- [What is required] A faithful copy of every entry, with the pictures removed, is what is needed here.

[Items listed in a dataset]

################

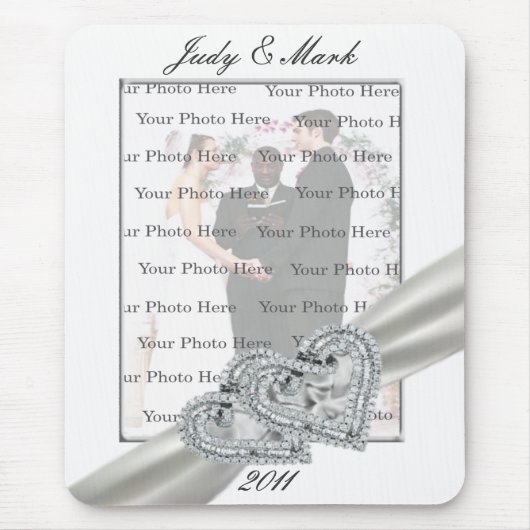 Tapis De Souris Cartes de souris Mariage blanc Coeur (Devant)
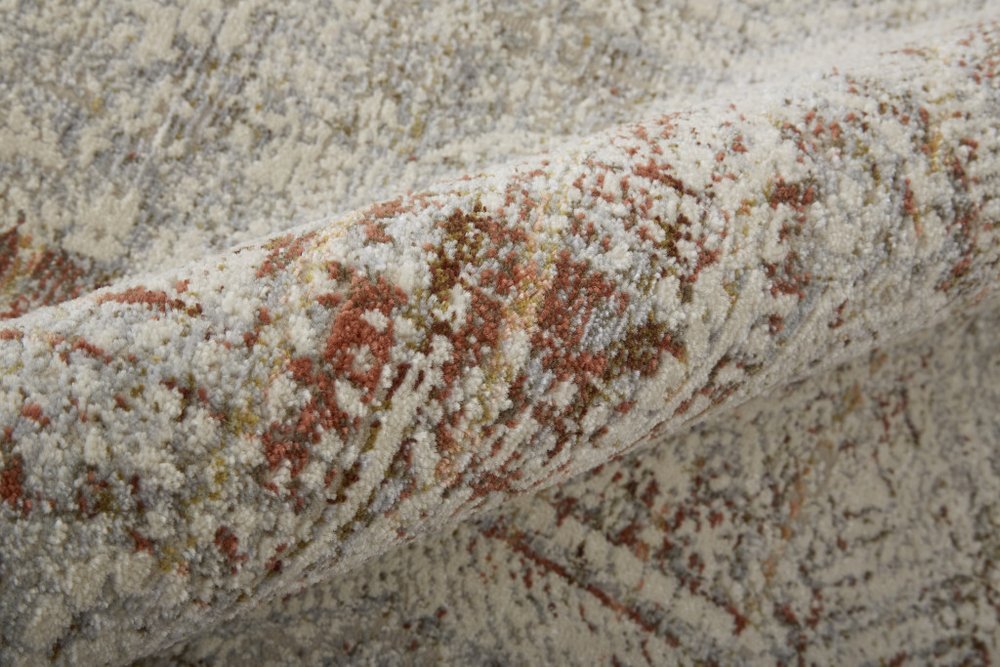 8' X 10' Gray Ivory And Burnt Orange Oriental Distressed Area Rug With Fringe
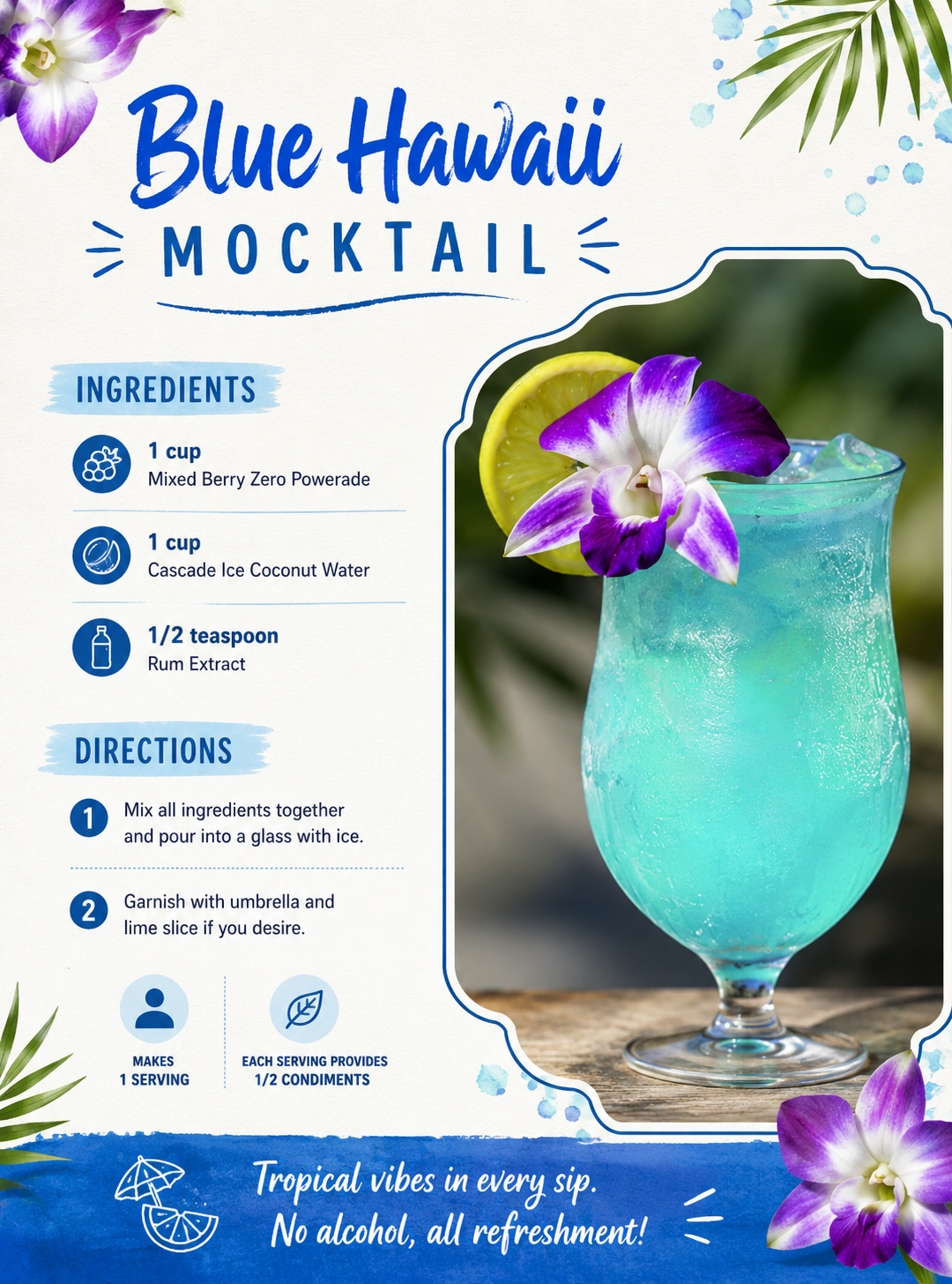 Blue Hawaii Mocktail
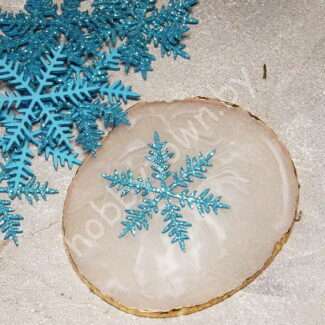 Патч-вырубка из глиттерного фоамирана 2 мм "Снежинка 5" 50 мм (цв. голубой) 1 шт.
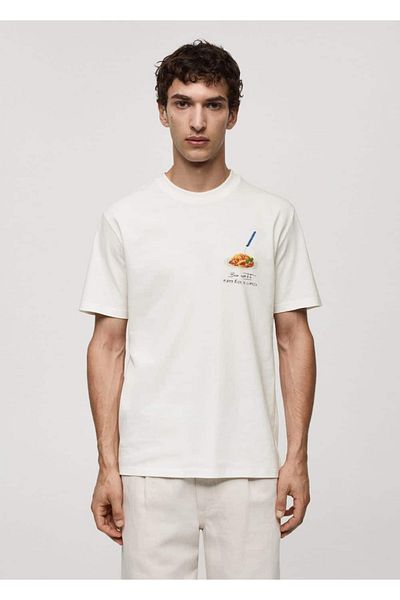 MANGO Man 100% cotton printed T-shirt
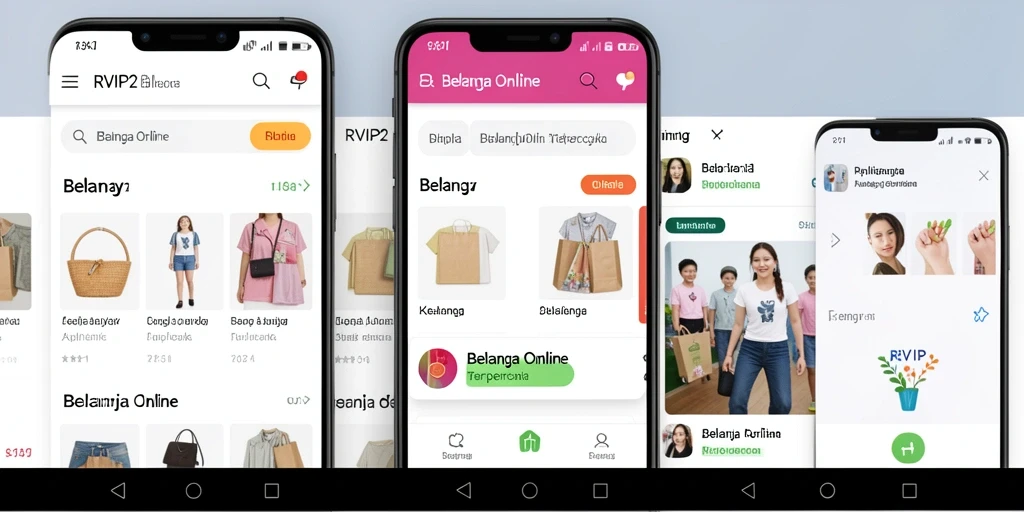 Antarmuka aplikasi RVIP2 untuk belanja online yang menarik.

################

- [Written answer]
 Tapis De Souris Cartes de souris Mariage blanc Coeur (Devant)
 8' X 10' Gray Ivory And Burnt Orange Oriental Distressed Area Rug With Fringe
 Blue Hawaii Mocktail
 Патч-вырубка из глиттерного фоамирана 2 мм "Снежинка 5" 50 мм (цв. голубой) 1 шт.
 MANGO Man 100% cotton printed T-shirt
 Antarmuka aplikasi RVIP2 untuk belanja online yang menarik.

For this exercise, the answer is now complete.